Los queridos y recordados cines de San Juan, tanto del radio céntrico como los periféricos o departamentales, contienen cantidad de recuerdos y anécdotas chispeantes. Además de esa especie de hechizo que tenían, eran asistidos por una serie de personajes inolvidables, desde aquel hombre de la propaganda callejera, que a viva voz con un parlante anunciaba un estreno; hasta el vendedor de entradas, acomodador y tantos más. Otro de los condimentos típicos de los cines, eran los afables carameleros, un oficio que obviamente, al desaparecer aquellas salas cinematográficas, ellos también se diluyeron. Un amable hombre llamado Esteban Seffair, hoy empleado de una conocida pinturería, fue en sus años mozos caramelero, y lo expresa con orgullo y añoranza.
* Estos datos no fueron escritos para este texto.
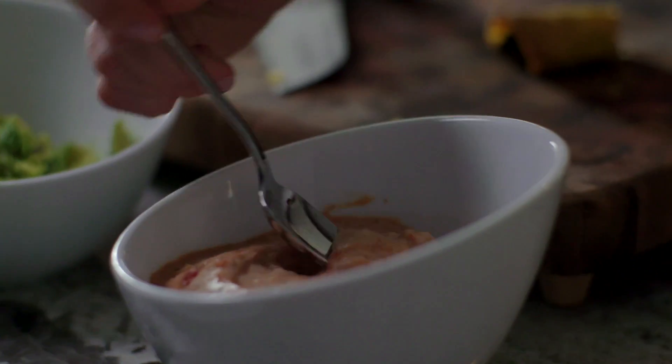Black bean taquitos. And these aren't just any regular taquitos — this is a much healthier version of taquitos.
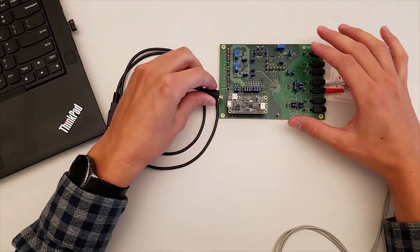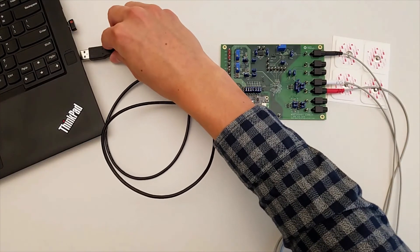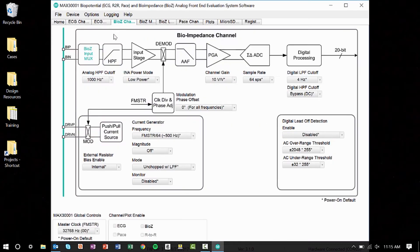Lastly, connect the micro USB cable to the microcontroller on board and to your PC. Open the GUI and head to the BioZ channel tab, which visually sets the control registers.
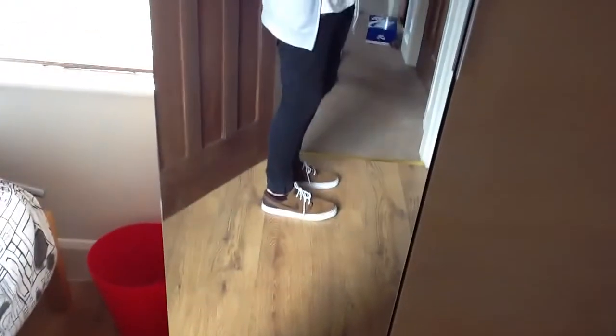Size 10s do look a bit big, but if you don't know what size to get, I'd recommend getting a size 9, because these have a bit of room at the end. So if you don't like your shoes being really huge, I'd recommend getting a size 9.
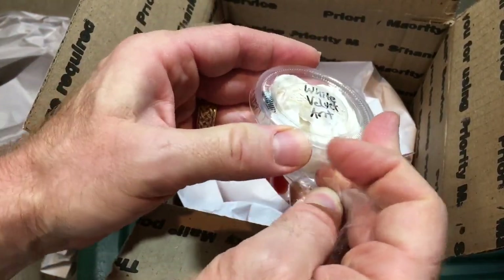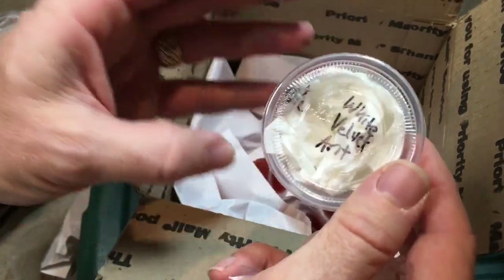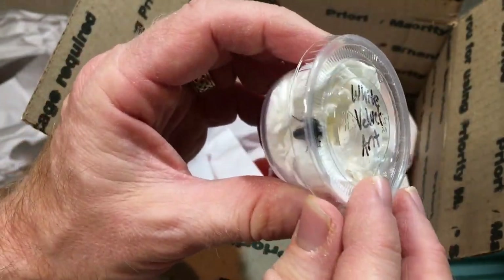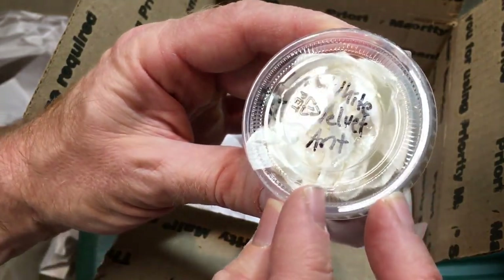Velvet ants are so cool — it's actually a kind of wasp. I'm not going to take her out right now because they do have quite a powerful sting. I'm going to release her into the enclosure a little later in this video.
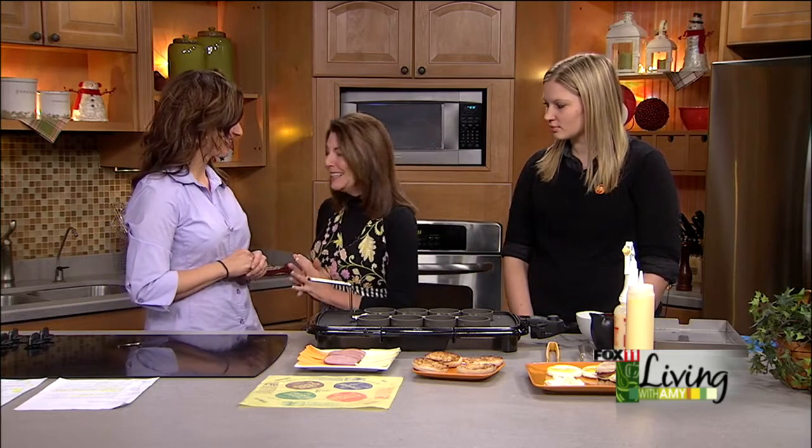Carmen Honnep is here, registered dietitian. Good to see you, Carmen. And you brought along a very special McDonald's employee. Yes, we have to say congratulations to Allie — she is our 2014 McScholar, one of three national winners. She is going to St. Norbert's and she's going to help us this morning put together the perfect Egg McMuffin.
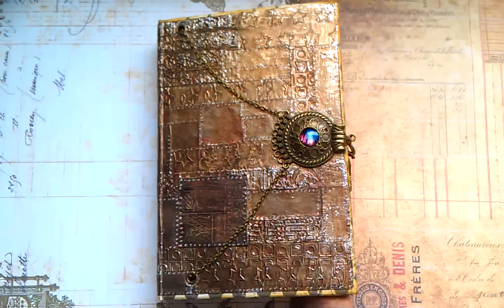Hello everybody, it's Eva from ZebiTiger here again. I would like to share with you my latest junk journal. It's in steampunk — again in steampunk time.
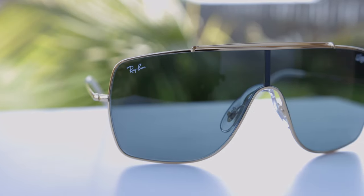Let's pop on these Wings No. 2 and take a look at these. The Wings No. 2 also have a sweat bar up at the top and again have a single lens design, which is really cool.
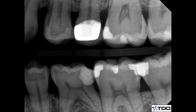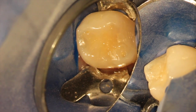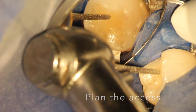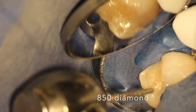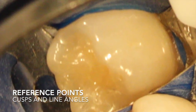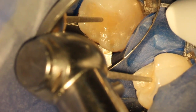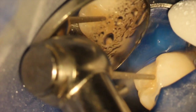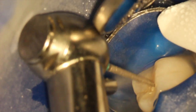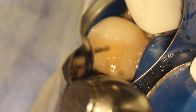She developed symptoms, and radiographs along with a lot of discussion with the general dentist led us to going for a root canal and trying to keep it. You can see occlusally there are some wear facets, some clenching and grinding. I use the microscope and rubber dam to plan out my access. The reference points are the cusps and the line angles at the gum line — those are my external boundaries as I go into the access three-dimensionally.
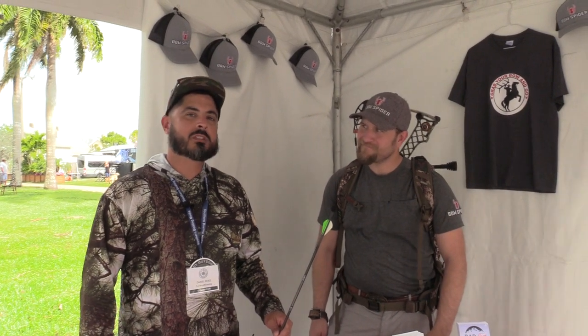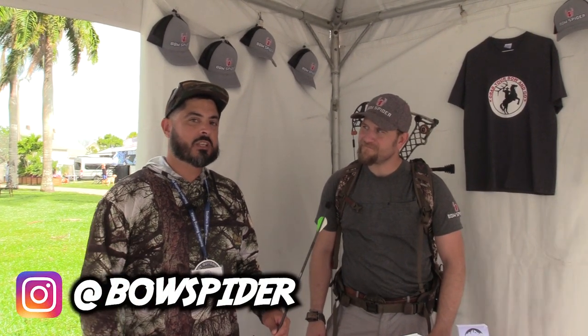Alright, roll it. What's up guys? Danny with Swamp and Stomp and we're here with David at the Bow Spider booth at the Florida Outdoors Expo. David's going to show you his Bow Spider product.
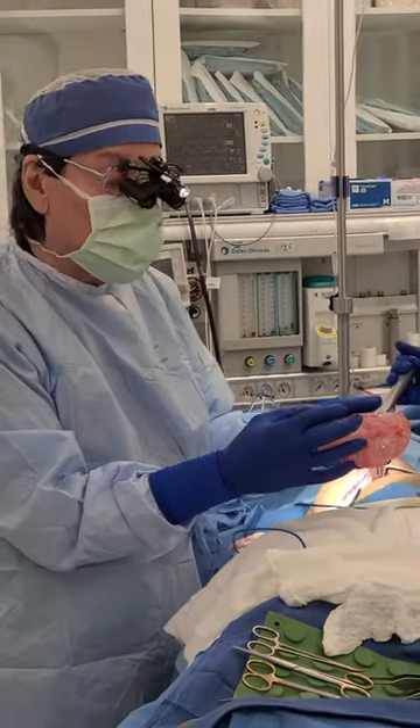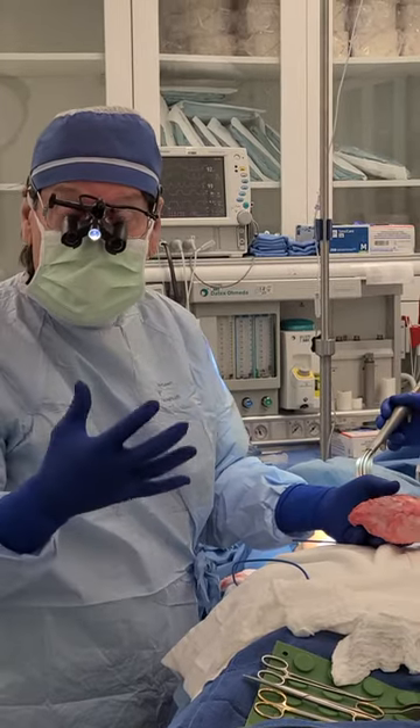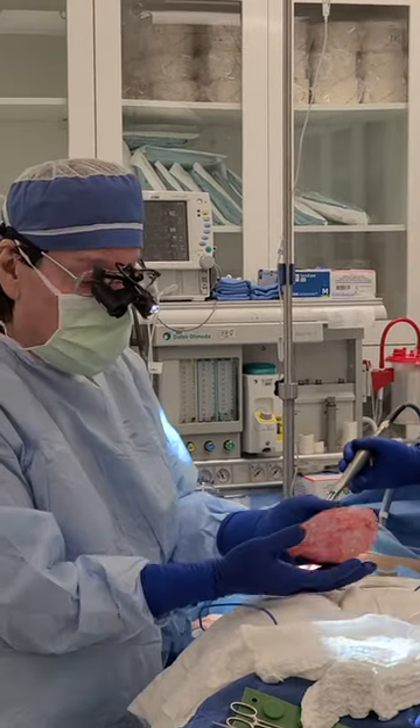This happens not only with breast implants, but with pacemakers, pain pumps, or joints. Anything that's a foreign body that we implant into the body is covered by a capsule.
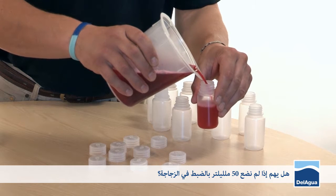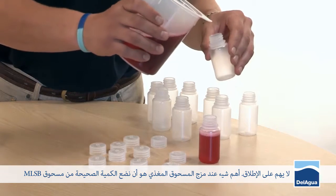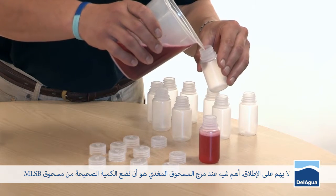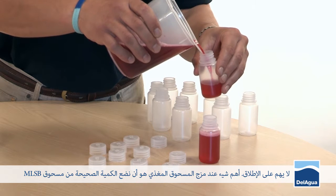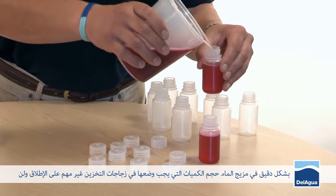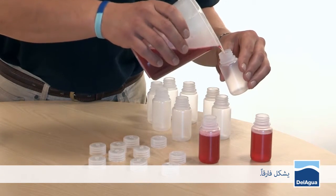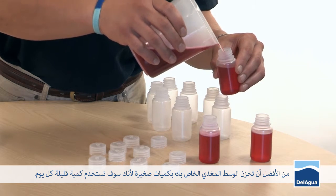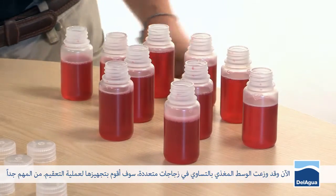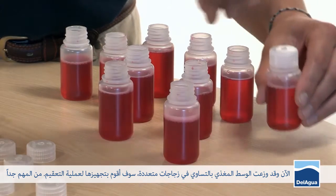Does it matter if it's not exactly 50 mils? No, not at all. The important thing with mixing media is to get as precise a volume of MLSB powder to the water mix; what volumes it's subsequently stored in doesn't make any difference. It's better to store your media in small volumes because you're only going to use a small amount each day. Having evenly distributed the media into the various bottles, I'm now going to prepare them for sterilization.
"Fue la mejor época de mi vida..." dice, "allá por la década del 70". Fue caramelero en los cines citadinos, como el Estornell, Renacimiento, Gran Rex o San Martín, pues eran ambulantes. Este oficio tornaban las maravillosas salidas al cine en una jornada más agradable y amena. Aún resuenan esas palabras, expresadas en el momento justo, con algo de magia y pertinacia: "Aero, caramelo...". Don Esteban recuerda que este quehacer implicaba toda una organización. Existía una suerte de jefe que estaba a cargo de todo un conjunto de carameleros. Él los proveía no sólo de golosinas, sino también de la indumentaria, que era obligatoria, a la vez que los identificaba en esas salas colmadas de público. Vestían una chaquetilla y rigurosa corbata. Todos eran hombres, el oficio "no era apto para mujeres". La clásica bandeja de madera, que colgaban sobre el pecho con una correa, era el elemento que más los distinguía.

Esta bandeja estaba saturada de golosinas, como el clásico maní con chocolate que ofrecían, además de caramelos, pastillas de menta, otro chocolate comprimido marca "Águila", y hasta cajas de bombones. En cada sala solía haber 5 ó 6 de estos vendedores, que en el intervalo, ya que se proyectaban dos filmes, aprovechaban para vender. Los fines de semanas, cuando había hasta tres funciones, era su tiempo de bonanza para vender. El resto de los días, solo matiné y función noche, las ventas menguaban, pero siempre estaban. La paga, según Esteban, era generosa, pues podía "cómprame un traje cada cuatro meses...". Como tantos oficios que hubo, los carameleros se fueron, quedando su recuerdo, principalmente su respeto al público amante del cine.